NY-NJ Port Authority Opts to Raise Bayonne Bridge

The Port of Authority of New York and New Jersey, seeking to settle a problem critical to the port’s future, said Wednesday it will propose to raise the roadbed of the Bayonne Bridge rather than replace the bridge in its entirety to accommodate larger container ships.

What the port authority called its “raise the roadway” solution will involve an ambitious, multi-year overhaul of existing roads leading onto the bridge and raising the span’s main roadway some 64 feet.

But the project wouldn’t be as disruptive or expensive as tearing down the span, an important commuter route connecting Bayonne, N.J., to Staten Island, N.Y.

With only 151-feet of clearance at the Kill van Kull channel, the bridge is too low for the larger ships expected to serve port terminals beyond the span once the newly enlarged Panama Canal opens in 2014. The new project, the port authority said, would raise the clearance to 215 feet. (For a U.S. Army Corps of Engineers analysis of the bridge's air draft, click here.) 

“"We have found what we believe is a cost-effective, workable solution to fixing the Bayonne Bridge, which will ensure that we keep the economic activity and good jobs the port business provides for decades to come,” said Bill Baroni, deputy executive director of the port authority.

The port authority did not estimate what the project would cost, or say when it would be completed, but the authority in September set aside $1 billion toward a solution.

The work is still at an early stage.

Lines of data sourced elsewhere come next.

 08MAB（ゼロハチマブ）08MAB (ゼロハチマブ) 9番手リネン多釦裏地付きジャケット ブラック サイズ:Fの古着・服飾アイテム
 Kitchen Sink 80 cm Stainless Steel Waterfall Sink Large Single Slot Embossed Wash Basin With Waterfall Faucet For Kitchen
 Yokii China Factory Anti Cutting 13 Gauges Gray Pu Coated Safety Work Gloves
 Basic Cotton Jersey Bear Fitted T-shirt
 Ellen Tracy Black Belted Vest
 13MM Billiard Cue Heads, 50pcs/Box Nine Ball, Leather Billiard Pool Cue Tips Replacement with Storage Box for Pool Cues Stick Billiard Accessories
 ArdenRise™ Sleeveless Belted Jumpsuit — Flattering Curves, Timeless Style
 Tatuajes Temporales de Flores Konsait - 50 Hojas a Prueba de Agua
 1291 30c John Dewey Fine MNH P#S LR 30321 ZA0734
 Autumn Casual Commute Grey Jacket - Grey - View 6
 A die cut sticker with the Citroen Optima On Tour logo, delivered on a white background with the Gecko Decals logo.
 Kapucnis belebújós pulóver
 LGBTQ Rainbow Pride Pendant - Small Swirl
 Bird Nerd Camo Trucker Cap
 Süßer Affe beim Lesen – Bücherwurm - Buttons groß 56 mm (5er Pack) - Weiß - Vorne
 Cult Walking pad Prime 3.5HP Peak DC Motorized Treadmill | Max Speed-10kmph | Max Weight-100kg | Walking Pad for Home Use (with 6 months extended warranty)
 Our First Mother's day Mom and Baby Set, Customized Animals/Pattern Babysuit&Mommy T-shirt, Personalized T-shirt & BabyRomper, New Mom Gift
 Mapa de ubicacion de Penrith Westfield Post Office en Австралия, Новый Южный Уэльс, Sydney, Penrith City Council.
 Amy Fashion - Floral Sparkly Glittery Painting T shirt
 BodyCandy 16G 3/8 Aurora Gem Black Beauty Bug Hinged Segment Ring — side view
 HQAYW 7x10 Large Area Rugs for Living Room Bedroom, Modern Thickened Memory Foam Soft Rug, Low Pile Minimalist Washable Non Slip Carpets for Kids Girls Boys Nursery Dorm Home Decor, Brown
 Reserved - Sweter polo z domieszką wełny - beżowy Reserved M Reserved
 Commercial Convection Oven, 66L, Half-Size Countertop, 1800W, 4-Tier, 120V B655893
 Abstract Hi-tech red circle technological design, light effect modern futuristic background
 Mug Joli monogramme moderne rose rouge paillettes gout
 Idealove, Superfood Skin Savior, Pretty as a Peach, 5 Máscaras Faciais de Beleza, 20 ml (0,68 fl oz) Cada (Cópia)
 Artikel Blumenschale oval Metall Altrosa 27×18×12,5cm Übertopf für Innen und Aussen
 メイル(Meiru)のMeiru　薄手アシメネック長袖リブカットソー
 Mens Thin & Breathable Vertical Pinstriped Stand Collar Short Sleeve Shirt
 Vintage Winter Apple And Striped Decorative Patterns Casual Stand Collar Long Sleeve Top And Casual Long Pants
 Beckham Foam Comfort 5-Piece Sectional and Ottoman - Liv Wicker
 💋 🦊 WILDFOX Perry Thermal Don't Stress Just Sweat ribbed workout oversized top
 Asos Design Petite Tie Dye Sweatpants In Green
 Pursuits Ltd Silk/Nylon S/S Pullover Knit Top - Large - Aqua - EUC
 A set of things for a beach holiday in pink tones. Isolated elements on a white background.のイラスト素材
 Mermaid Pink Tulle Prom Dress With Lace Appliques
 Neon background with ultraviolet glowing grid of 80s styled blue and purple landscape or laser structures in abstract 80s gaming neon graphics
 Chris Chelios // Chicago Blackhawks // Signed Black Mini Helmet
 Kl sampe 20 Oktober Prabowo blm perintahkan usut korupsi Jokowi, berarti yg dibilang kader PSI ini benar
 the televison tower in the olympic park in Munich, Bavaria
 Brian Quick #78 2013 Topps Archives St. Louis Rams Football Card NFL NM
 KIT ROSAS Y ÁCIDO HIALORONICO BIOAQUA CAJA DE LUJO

The authority said in a statement that it still must complete engineering and design work on the proposed solution and will look to “initiate and expedite the environmental regulatory process.”

That process could take years under normal circumstances, but trade and business development experts say the region faces a critical deadline with the opening of an expanded Panama Canal. Ports up and down the East Coast see the potential for larger ships from Asia through the Panama Canal as a unique opportunity to gain new cargo and entrench themselves as gateways for the larger business.

The intertwined infrastructure and multi-state jurisdiction around the New York-New Jersey has made a solution difficult to come by, however.

”Modernizing the Bayonne Bridge is essential to maintaining port access for the next generation of transportation and shipping vessels and crucial to the economic future of New Jersey and the region,” Gov. Chris Christie of New Jersey said. “International trade is a key piece of our economic development strategy.”

Bayonne Mayor Mark Smith, concerned that razing the bridge for a new structure would damage connections for commuters for too long, called the plan “the least disruptive, least expensive and quickest to execute option.”